Bug: application-controller panics with nil pointer dereference in getSyncTasks when target cluster API server is unreachable

Environment

  • ArgoCD: v3.3.8 (image quay.io/argoproj/argocd:v3.3.8)
  • Kubernetes: v1.34.5 (k3s)
  • Topology: ArgoCD running on cluster A, managing both A (in-cluster) and a remote cluster B; B's Cluster registration uses an external IP (Tailscale tailnet IP). Cluster A → cluster B's API server is reachable from the host network but NOT from the pod network in this environment (pre-existing pod→underlay routing bug, separate from this issue).
  • Connectivity from argocd-application-controller pod to remote API server times out at ~32s with dial tcp <ip>:6443: i/o timeout.

What happens

When application-controller attempts to sync any Application whose destination resolves to an unreachable cluster (or where API discovery times out for any other reason), the controller logs the discovery timeout and then panics during sync-task generation:

"failed to discover server resources for group version v1: Get \"https://<remote-ip>:6443/api/v1?timeout=32s\": dial tcp <remote-ip>:6443: i/o timeout"
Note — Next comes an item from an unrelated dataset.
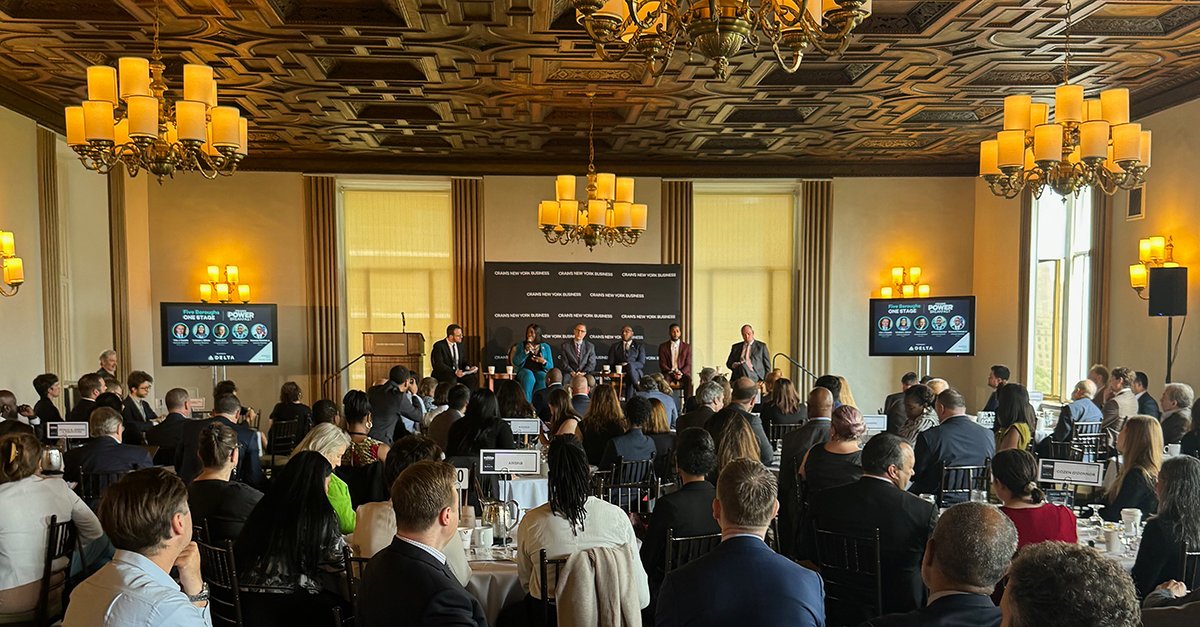 CAMBAHousing's tweet photo. Thank you to @CrainsNewYork and @Delta for hosting all five borough presidents on one stage this morning to discuss housing and development, and other big issues facing NYC. Keep climbing, New York! https://t.co/6NCrJluH7S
level=error msg="Recovered from panic: runtime error: invalid memory address or nil pointer dereference
goroutine 296 [running]:
runtime/debug.Stack()
github.com/argoproj/argo-cd/v3/controller.(*ApplicationController).processRequestedAppOperation.func1()
  /go/src/github.com/argoproj/argo-cd/controller/appcontroller.go:1431 +0x69
panic({0x47c6ea0?, 0x9740c50?})
github.com/argoproj/argo-cd/v3/controller.(*appStateManager).SyncAppState.func1(0xc00d61a740, 0x0)
  /go/src/github.com/argoproj/argo-cd/controller/sync.go:311 +0x1e3
github.com/argoproj/gitops-engine/pkg/sync.(*syncContext).getSyncTasks(0xc012e581a0)
  /go/src/github.com/argoproj/argo-cd/gitops-engine/pkg/sync/sync_context.go:907 +0x1115
github.com/argoproj/gitops-engine/pkg/sync.(*syncContext).Sync(0xc019054b60)
  /go/src/github.com/argoproj/argo-cd/gitops-engine/pkg/sync/sync_context.go:421 +0x14a
github.com/argoproj/argo-cd/v3/controller.(*appStateManager).SyncAppState(...)
  /go/src/github.com/argoproj/argo-cd/controller/sync.go:380 +0x2f31
"

level=info msg="Sync operation to <sha> failed: runtime error: invalid memory address or nil pointer dereference"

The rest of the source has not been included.